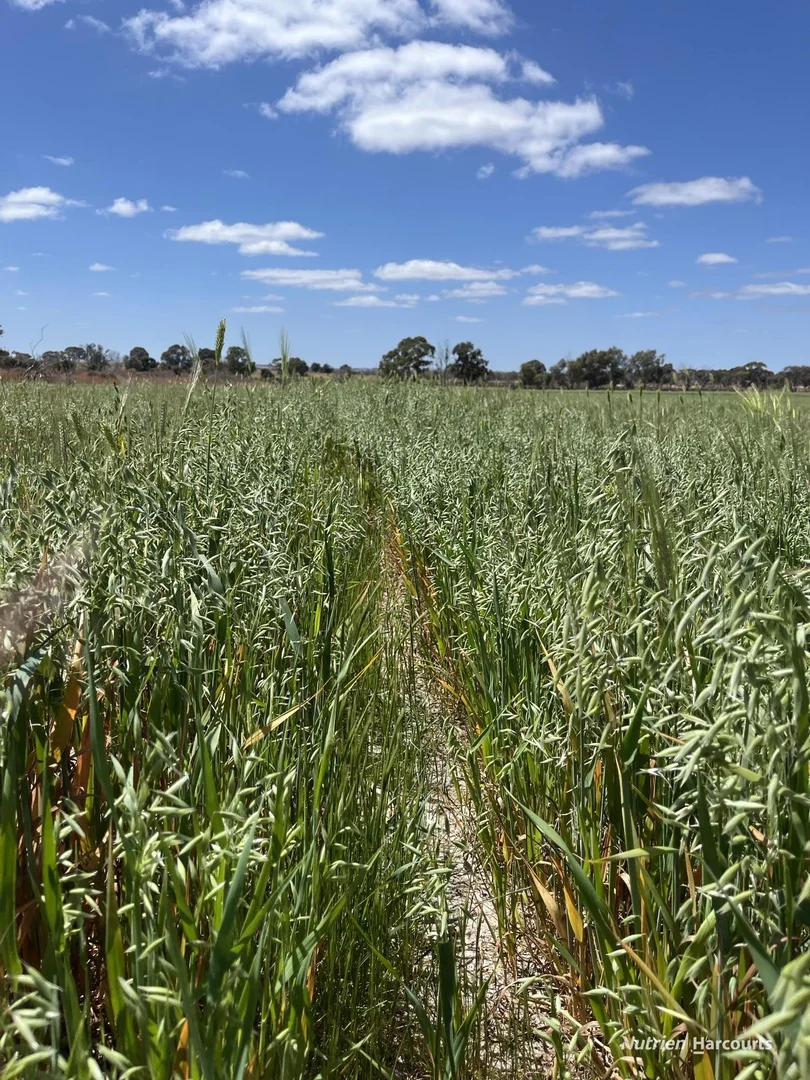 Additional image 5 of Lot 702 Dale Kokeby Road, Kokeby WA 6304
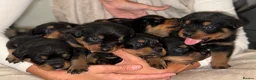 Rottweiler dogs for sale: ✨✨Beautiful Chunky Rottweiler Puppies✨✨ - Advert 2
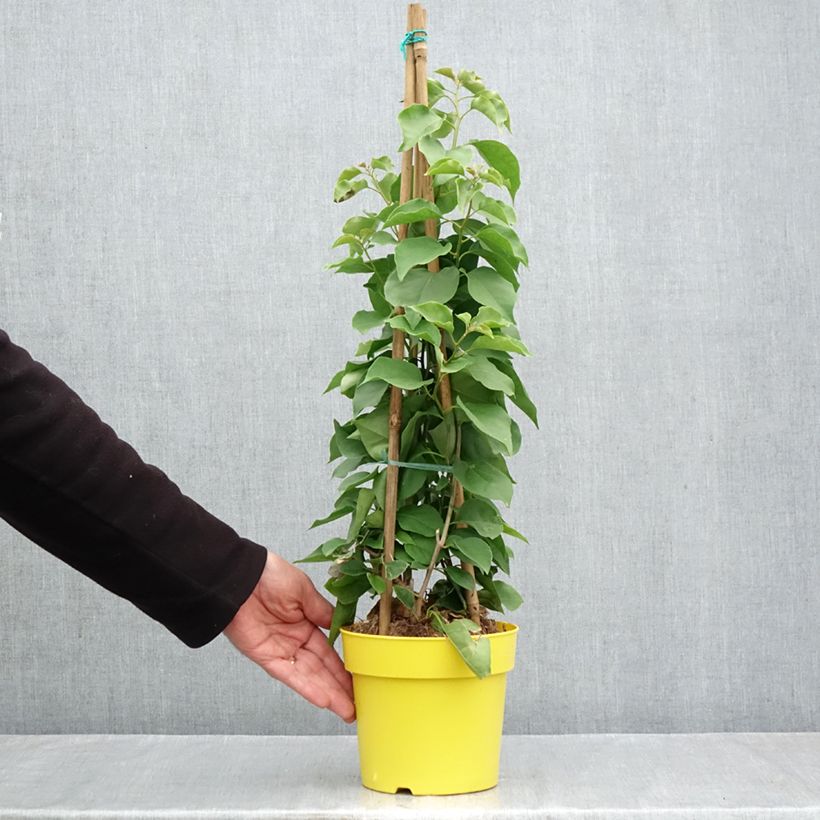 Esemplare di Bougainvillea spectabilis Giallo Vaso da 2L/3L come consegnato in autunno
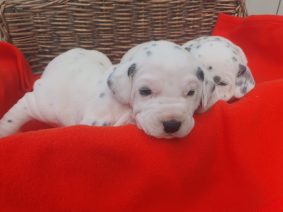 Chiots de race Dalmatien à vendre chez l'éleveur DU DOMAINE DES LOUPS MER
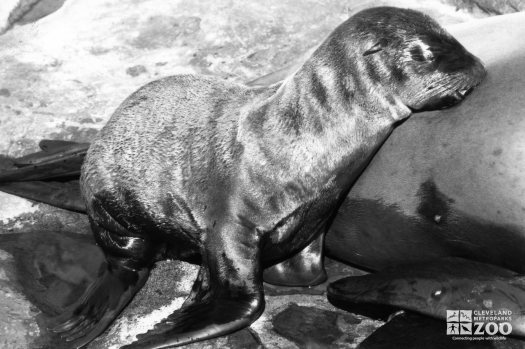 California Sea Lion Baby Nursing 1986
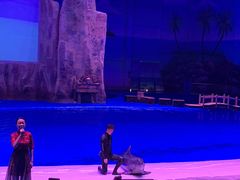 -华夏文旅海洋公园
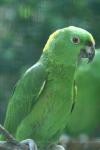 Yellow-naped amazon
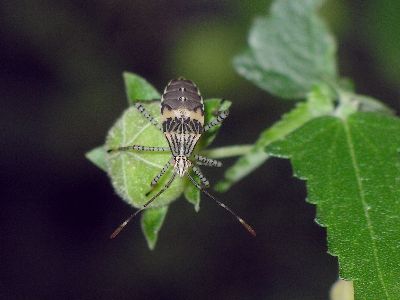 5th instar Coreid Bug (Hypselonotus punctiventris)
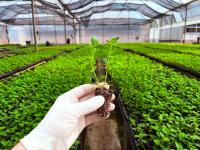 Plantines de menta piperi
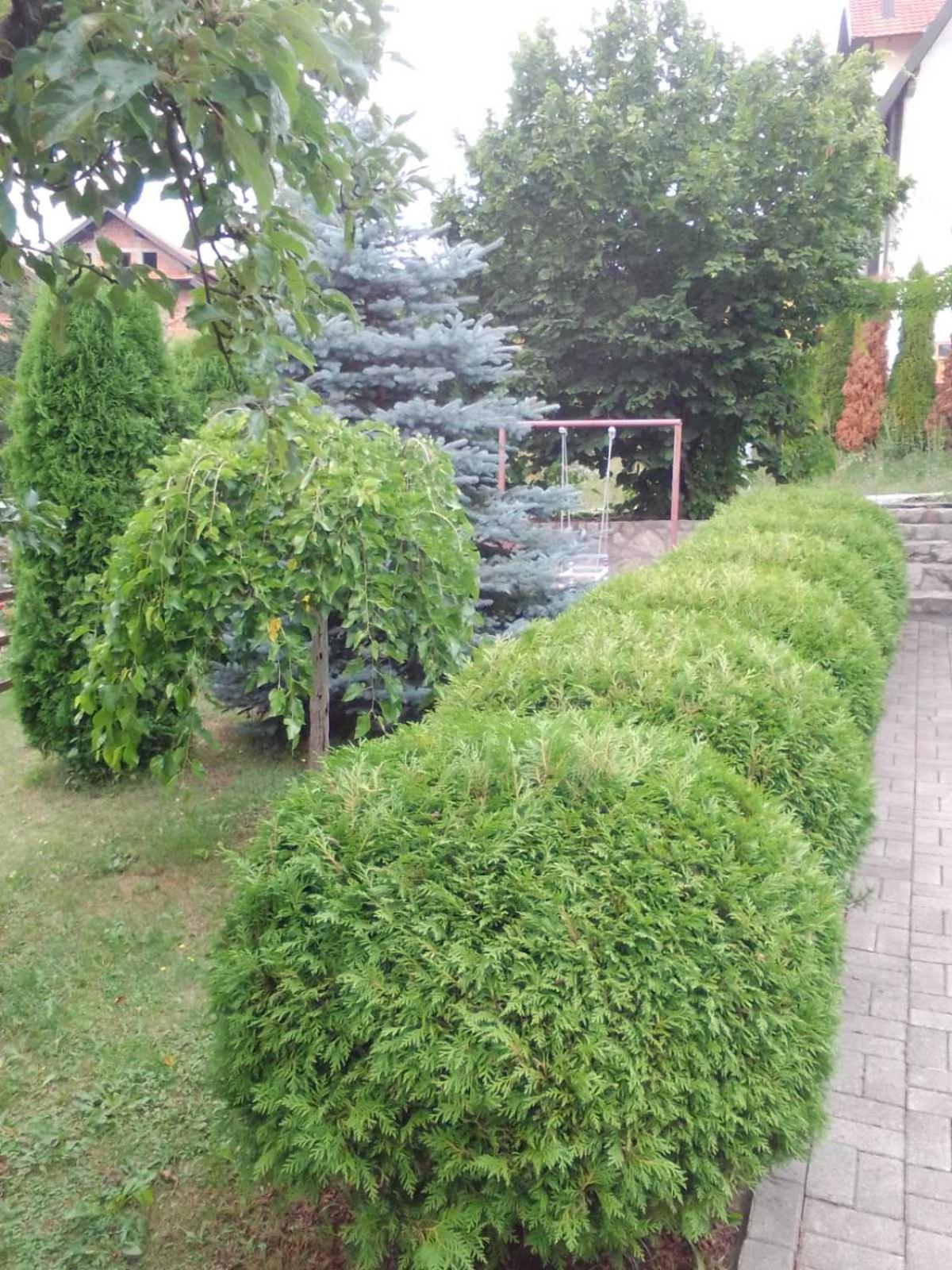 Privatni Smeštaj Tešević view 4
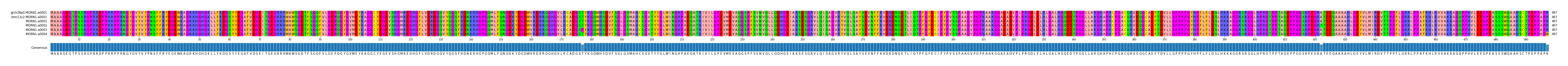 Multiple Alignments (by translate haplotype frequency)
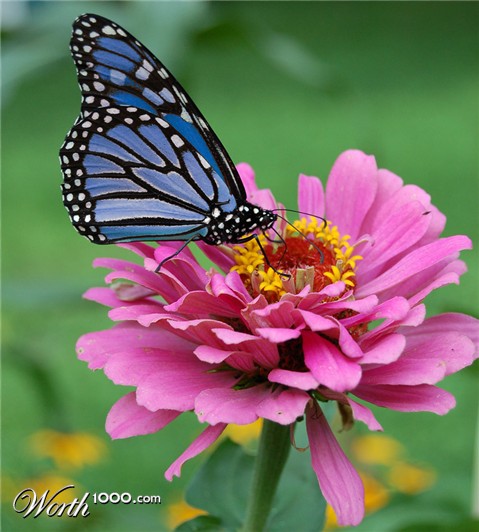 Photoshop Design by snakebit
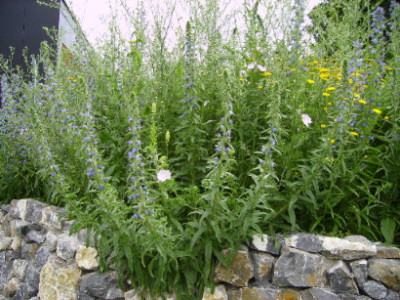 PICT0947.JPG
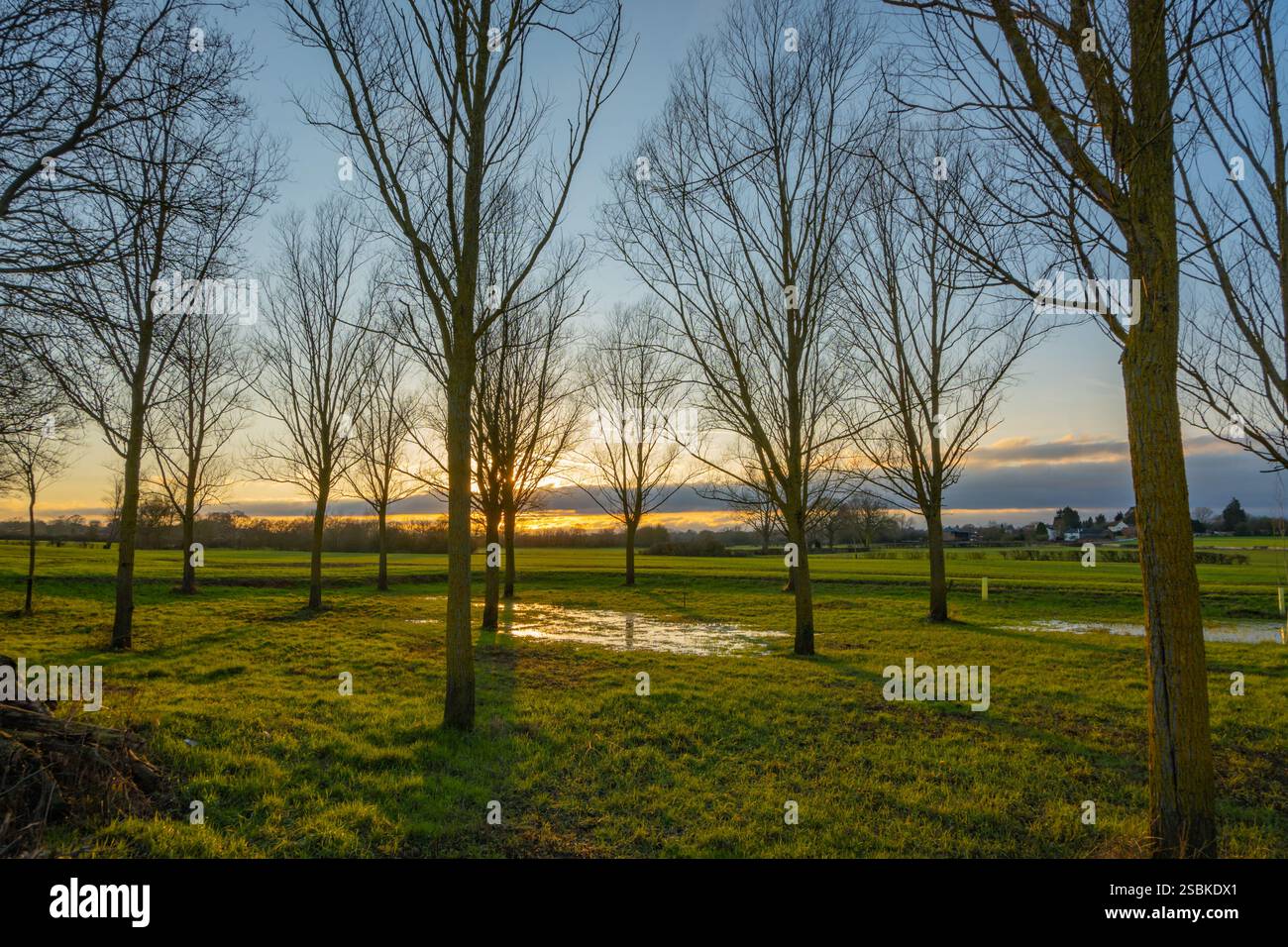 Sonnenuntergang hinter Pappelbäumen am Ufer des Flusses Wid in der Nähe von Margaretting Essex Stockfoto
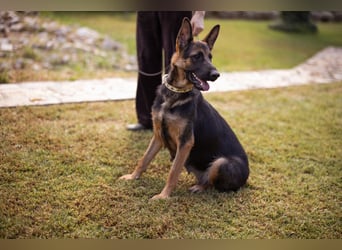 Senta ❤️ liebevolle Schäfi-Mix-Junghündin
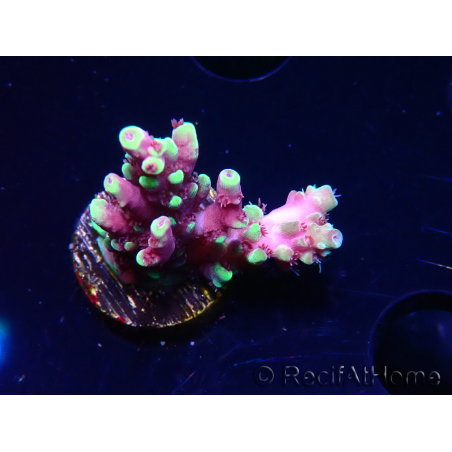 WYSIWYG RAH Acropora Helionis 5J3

....

Exercise directions
The lines from the one holding "California Sea Lion Baby Nursing 1986" through the end of the entries are to be transcribed exactly, both ends included, with the pictures left out.

Response to this task
 California Sea Lion Baby Nursing 1986
 -华夏文旅海洋公园
 Yellow-naped amazon
 5th instar Coreid Bug (Hypselonotus punctiventris)
 Plantines de menta piperi
 Privatni Smeštaj Tešević view 4
 Multiple Alignments (by translate haplotype frequency)
 Photoshop Design by snakebit
 PICT0947.JPG
 Sonnenuntergang hinter Pappelbäumen am Ufer des Flusses Wid in der Nähe von Margaretting Essex Stockfoto
 Senta ❤️ liebevolle Schäfi-Mix-Junghündin
 WYSIWYG RAH Acropora Helionis 5J3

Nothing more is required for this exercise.